4番目のネットイヤーグループ・坂本さんのセッションは、現場で実践する方法を事前課題を通じて学び、確認できたのがよかったです。このようなワークショップもできるのはありがたいです。
5番目の iA・小久保さんの話も、とても目が覚めるような内容でした。
- IA は新しい、特別な仕事ではない
- IA の考え方は誰でも自分の仕事に生かせる
- ユーザーが見るのは「サイト」ではなく「フロントエンド」
IA という言葉に対する幻想や、ユーザー視点についてはっきりと話していただいたことがありがたかったです。
最後の長谷川恭久(ヤスヒサ)さんのセッションは、話の内容とともにプレゼンパフォーマンスも楽しませていただきました。
ヤスヒサさんのプレゼンの中で「今日みなさんが話された内容は、全体のほんの一部」と話されていたのも、その日1日に学んだことをスッキリさせる言葉でした。トップの写真がその時のスライドです。
佐藤さんもお話しされていたように「IA は全体プロセスの1ステップ」です。
ウェブサイトを企画、構築、運営するためには、IA の他にユーザビリティやアクセシビリティ、コンテンツ、グラフィックデザイン、ビジネスなどの項目もしっかり踏まえて制作して行く必要があります。
IA は「伝家の宝刀」ではない
IA に限らず「SEO」や「ブログマーケティング」、「Web2.0」といった新しい概念や言葉が登場してくると、「これを導入すれば、売上が上がる!」というような幻想をいだく(もしくは、クライアントに抱かせようとする)所が出てきます。
しかし実際はどれも、ウェブサイトの企画・構築・運用など全体における1ステップでしかありません。
新しい概念や言葉に流され、一時的な効果に目を奪われて、踊らされることが多々あります。
LP7 のスピーカーのみなさまはさすがで、ウェブ制作の全体を俯瞰し、しっかりと本質の部分までお話しいただけました。どこぞにいるような「御社のウェブサイトに IA を導入すれば売上があがりますよ!」という内容はみじんもありませんでした。(もともと CSS Nite にはそのようなことを話す人は登壇されませんが。
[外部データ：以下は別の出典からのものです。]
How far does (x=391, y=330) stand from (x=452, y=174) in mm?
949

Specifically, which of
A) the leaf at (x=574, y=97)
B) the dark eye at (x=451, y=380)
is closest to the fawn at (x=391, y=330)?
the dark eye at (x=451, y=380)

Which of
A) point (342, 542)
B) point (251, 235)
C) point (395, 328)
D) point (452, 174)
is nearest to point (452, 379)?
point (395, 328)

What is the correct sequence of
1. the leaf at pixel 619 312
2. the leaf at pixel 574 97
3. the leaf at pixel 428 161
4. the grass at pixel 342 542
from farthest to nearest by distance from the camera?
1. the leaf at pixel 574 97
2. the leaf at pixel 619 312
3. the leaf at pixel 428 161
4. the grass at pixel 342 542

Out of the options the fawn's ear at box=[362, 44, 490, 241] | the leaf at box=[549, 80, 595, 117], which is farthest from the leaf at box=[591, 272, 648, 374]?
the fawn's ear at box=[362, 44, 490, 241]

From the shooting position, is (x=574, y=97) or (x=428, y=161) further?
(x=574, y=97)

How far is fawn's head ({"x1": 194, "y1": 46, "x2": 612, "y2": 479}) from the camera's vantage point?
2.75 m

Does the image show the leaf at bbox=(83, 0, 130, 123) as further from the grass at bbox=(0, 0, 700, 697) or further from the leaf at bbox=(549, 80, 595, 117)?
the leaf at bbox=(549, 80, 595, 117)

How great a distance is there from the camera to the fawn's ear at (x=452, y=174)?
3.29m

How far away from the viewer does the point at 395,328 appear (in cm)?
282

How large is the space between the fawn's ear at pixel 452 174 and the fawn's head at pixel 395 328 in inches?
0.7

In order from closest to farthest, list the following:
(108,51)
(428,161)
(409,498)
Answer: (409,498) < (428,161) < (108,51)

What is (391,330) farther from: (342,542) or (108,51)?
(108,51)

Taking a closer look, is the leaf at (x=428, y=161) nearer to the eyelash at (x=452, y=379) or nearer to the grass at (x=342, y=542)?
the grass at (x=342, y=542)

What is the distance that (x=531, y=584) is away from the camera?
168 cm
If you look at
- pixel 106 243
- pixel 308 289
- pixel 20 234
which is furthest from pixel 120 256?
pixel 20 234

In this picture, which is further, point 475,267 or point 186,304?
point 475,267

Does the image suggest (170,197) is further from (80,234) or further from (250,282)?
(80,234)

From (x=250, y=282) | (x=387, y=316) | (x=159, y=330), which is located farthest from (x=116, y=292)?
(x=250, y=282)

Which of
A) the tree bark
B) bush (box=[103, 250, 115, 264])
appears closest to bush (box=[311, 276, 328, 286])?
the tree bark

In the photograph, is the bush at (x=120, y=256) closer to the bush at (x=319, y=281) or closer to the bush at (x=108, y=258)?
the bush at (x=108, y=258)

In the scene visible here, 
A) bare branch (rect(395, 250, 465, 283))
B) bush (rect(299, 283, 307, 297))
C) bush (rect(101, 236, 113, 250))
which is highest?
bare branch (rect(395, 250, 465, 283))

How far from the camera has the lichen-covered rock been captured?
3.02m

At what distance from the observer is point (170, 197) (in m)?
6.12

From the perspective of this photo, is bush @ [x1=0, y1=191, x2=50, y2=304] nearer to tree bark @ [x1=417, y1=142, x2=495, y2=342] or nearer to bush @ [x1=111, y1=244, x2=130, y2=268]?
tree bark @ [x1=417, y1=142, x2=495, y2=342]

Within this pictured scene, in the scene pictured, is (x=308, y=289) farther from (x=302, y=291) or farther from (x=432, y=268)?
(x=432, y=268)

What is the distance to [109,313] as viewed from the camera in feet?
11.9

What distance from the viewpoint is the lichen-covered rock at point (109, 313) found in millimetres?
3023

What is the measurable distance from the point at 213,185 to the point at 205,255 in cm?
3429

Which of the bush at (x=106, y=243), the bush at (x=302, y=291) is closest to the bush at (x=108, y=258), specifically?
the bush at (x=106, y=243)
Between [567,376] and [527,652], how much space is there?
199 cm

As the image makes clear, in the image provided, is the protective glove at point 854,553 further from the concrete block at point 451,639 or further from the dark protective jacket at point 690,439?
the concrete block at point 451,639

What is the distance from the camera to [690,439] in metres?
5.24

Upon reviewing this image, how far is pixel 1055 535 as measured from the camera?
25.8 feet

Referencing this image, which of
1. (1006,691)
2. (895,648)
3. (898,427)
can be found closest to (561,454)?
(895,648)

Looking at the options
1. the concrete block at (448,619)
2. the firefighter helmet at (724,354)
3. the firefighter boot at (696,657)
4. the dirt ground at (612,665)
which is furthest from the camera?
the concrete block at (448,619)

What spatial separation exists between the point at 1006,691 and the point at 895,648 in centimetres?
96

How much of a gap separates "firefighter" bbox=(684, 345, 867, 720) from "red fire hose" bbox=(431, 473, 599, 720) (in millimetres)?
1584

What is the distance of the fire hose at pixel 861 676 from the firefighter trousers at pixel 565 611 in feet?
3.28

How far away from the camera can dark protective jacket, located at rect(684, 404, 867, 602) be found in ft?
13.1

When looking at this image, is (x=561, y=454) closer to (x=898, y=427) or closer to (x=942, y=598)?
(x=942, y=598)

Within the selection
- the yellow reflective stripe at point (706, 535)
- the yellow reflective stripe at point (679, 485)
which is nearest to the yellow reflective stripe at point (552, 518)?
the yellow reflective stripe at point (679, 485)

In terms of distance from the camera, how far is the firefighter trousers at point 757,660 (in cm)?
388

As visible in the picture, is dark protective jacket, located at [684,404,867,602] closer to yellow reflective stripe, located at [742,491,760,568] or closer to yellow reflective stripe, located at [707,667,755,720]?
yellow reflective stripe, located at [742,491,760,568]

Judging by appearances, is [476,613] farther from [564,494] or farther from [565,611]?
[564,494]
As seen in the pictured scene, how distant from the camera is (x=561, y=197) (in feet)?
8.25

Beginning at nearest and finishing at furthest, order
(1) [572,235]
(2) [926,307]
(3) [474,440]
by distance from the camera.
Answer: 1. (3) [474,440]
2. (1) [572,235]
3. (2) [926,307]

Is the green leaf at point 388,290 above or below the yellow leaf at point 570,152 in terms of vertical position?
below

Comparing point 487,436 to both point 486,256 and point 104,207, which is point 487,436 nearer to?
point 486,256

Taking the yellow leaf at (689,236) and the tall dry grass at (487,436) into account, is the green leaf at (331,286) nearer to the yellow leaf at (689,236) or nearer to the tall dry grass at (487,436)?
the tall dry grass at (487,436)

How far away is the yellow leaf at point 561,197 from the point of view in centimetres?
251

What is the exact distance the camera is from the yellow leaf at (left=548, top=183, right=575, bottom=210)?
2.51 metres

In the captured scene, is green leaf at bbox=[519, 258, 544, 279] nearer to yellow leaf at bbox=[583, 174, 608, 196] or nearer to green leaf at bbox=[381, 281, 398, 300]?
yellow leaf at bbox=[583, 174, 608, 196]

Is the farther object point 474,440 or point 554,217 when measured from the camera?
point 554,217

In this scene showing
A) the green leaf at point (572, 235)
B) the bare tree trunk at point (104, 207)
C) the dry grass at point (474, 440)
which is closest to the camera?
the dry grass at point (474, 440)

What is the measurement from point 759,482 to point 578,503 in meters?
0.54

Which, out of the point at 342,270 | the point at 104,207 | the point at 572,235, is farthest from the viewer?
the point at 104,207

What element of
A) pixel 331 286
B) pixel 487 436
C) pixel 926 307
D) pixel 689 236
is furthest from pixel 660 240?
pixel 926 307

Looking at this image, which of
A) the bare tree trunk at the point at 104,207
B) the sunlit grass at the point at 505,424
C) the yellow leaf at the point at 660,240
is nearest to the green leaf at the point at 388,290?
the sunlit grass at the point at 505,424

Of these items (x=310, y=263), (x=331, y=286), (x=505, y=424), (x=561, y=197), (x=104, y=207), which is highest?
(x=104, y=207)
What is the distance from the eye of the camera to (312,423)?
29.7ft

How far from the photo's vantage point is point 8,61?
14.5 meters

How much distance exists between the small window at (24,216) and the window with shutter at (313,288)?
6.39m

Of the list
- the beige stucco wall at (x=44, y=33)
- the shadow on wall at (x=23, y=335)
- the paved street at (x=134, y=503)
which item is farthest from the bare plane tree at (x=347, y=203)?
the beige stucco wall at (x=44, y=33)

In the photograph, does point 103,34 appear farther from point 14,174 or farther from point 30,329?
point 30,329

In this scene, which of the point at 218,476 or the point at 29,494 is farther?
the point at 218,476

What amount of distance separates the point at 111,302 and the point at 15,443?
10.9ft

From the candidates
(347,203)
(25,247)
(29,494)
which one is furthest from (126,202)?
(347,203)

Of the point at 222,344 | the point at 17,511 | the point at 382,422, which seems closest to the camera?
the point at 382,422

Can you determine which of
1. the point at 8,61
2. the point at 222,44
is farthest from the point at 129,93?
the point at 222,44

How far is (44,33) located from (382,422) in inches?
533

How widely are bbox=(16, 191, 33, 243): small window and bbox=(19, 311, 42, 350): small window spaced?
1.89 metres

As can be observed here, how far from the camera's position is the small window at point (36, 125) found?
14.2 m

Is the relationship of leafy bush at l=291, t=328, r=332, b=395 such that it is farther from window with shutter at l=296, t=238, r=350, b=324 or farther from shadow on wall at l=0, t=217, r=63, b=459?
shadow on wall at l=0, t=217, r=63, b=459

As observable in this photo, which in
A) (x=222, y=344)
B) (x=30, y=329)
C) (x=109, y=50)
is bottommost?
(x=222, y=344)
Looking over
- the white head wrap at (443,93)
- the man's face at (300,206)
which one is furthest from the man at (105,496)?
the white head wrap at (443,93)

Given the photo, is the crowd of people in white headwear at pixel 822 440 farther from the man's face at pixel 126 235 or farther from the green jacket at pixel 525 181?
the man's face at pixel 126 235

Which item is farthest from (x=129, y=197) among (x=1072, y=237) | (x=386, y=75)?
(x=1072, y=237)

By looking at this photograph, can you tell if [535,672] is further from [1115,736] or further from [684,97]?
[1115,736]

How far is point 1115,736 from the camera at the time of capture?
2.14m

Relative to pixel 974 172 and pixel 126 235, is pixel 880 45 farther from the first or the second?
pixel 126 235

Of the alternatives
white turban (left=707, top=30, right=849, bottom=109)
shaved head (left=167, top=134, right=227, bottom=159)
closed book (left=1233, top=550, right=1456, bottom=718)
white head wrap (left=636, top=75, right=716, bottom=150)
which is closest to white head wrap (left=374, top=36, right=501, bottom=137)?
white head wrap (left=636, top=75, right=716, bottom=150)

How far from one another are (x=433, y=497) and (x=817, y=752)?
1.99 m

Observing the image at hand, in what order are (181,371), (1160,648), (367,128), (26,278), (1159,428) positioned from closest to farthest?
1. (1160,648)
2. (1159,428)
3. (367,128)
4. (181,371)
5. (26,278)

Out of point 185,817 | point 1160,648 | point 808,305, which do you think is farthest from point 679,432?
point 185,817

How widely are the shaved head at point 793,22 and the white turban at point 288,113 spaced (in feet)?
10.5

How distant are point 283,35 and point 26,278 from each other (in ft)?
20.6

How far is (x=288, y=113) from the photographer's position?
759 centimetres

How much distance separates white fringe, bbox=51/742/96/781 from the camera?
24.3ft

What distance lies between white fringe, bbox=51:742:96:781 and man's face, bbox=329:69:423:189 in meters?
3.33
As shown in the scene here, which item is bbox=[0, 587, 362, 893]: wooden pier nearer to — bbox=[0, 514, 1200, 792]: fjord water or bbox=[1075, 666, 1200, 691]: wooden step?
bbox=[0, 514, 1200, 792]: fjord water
)
IA について学び、実践していくことは必要ですが、IA を神格化してとらわれないようにするという意識が持てたのは非常に良かったです。
IA をクライアントとの共通意識として持つ
私は普段、中小規模のネット通販サイト(ネットショップ)の構築、運用のお手伝いをしております。
その場合、クライアントも中小企業や個人事業であることがほとんどで、ネットショップの構築、運用を行う際に IA という担当をおく必要はない、ということになります。
しかし、ネットショップを構築・運用する上で、
「なぜグローバルナビゲーションメニューの配置を整えなければならないか」
「どうして、キャッチイメージを配置することで売上が上がるのか」
ということをより深く理解してもらうために、IA の概念について基本的な部分をクライアントに理解してもらい、共有することが必要になってきます。
その際に「IA」について、書籍や LP7 などで学んだ内容を話しても、クライアントには理解されにくいでしょう。自分でしっかり理解して、相手にわかりやすく説明しなければなりません。
また、クライアントとの共通意識を深めるため、LP7 の中でも話された
- コンセプトシート(プロジェクトマネジメントシート)の作成と共有
- 競合店舗(競合サイト)の調査
- 同業他社のウェブサイトにおける傾向の把握と、自店舗への応用
といった方法もあります。
IA を真っ正面から話して理解してもらうのではなく、相手がわかりやすい形に落とし込んで理解してもらい、共有してもらうようにする必要があります。
IA をいかに自分の業務、ネットショップ構築/運営に組み込んで実践していくか、ということをしっかり考えて、行わなければなりません。